What to work on: Copy out the full listing exactly, omitting any picture it contains.

Dataset excerpt section start

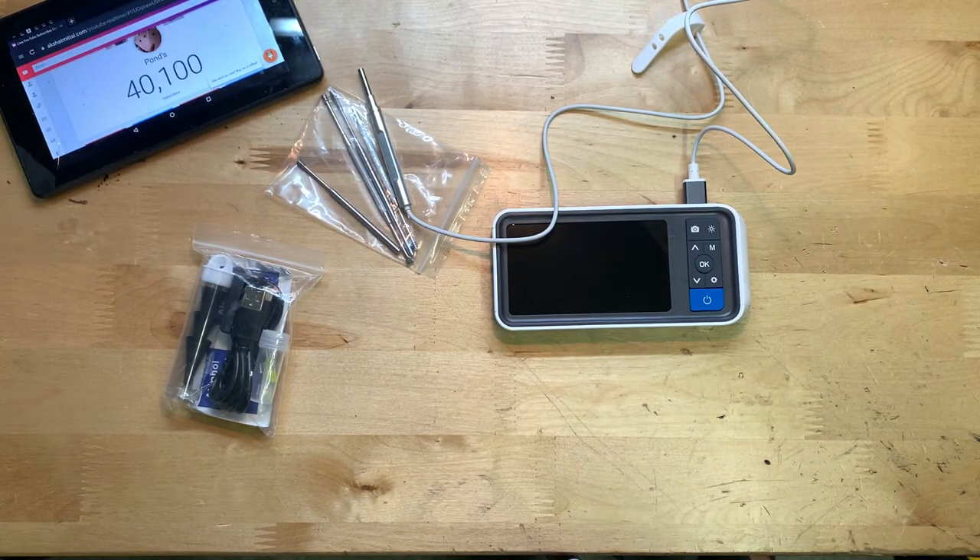I would say for the price it seems like a pretty solid autoscope and I would definitely recommend it if you're in the market for one. Hope everybody enjoyed — don't forget to like and subscribe, I'll see y'all next time. Goodbye!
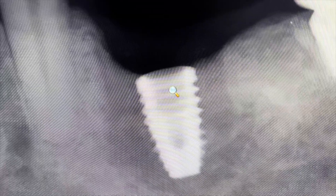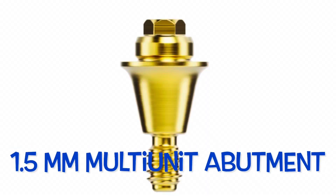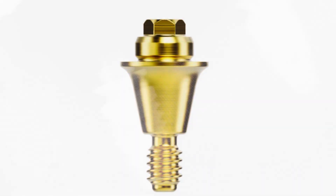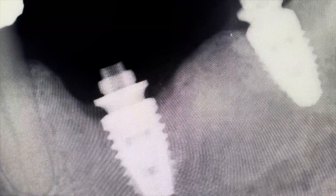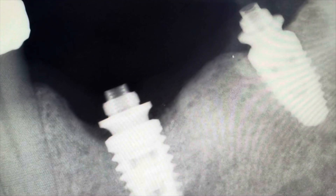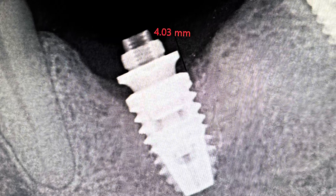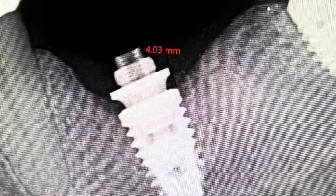On this type of bridge I'm typically placing two implants to do a three-unit bridge with one pontic. What I like to do is to have the platform protected by putting on what's called a multi-unit abutment, and typically this is 1.5 millimeters high. Ideally the implant platform depth is going to be four millimeters below the tissue level, which gives us the space for the multi-unit.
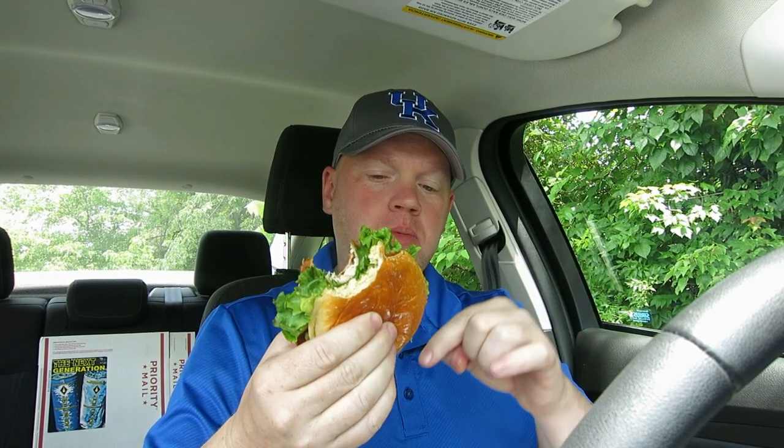The guacamole is pouring out of the bag, people! I like how they filled it full of guacamole — I love that. Guacamole is awesome, and this baby is packed. Look at that — the lettuce is very, very good, very nice. The chicken is awesome.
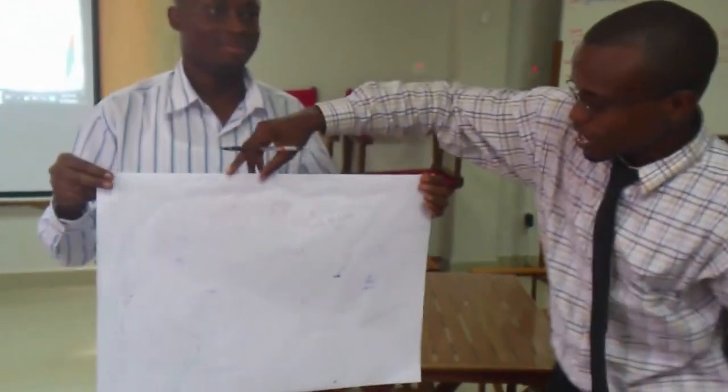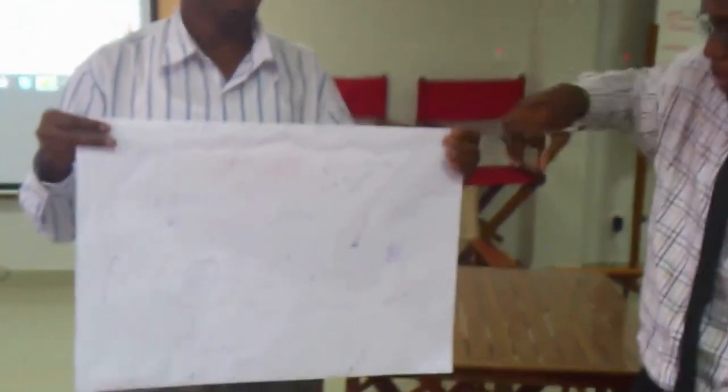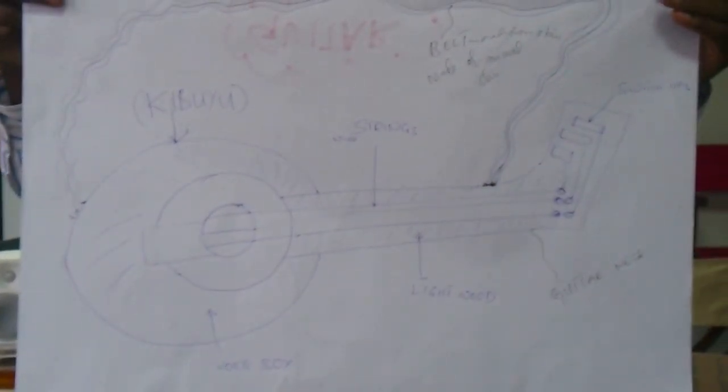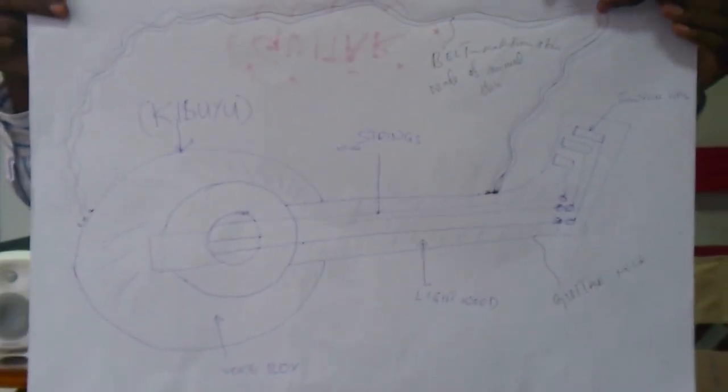Thank you everyone. Here we have a guitar — actually it's a local guitar. We tried to find out what we are going to do, what we are going to make. I'm going to make our guitar here.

Dataset excerpt section end

Solution to this problem:
I would say for the price it seems like a pretty solid autoscope and I would definitely recommend it if you're in the market for one. Hope everybody enjoyed — don't forget to like and subscribe, I'll see y'all next time. Goodbye!
On this type of bridge I'm typically placing two implants to do a three-unit bridge with one pontic. What I like to do is to have the platform protected by putting on what's called a multi-unit abutment, and typically this is 1.5 millimeters high. Ideally the implant platform depth is going to be four millimeters below the tissue level, which gives us the space for the multi-unit.
The guacamole is pouring out of the bag, people! I like how they filled it full of guacamole — I love that. Guacamole is awesome, and this baby is packed. Look at that — the lettuce is very, very good, very nice. The chicken is awesome.
Thank you everyone. Here we have a guitar — actually it's a local guitar. We tried to find out what we are going to do, what we are going to make. I'm going to make our guitar here.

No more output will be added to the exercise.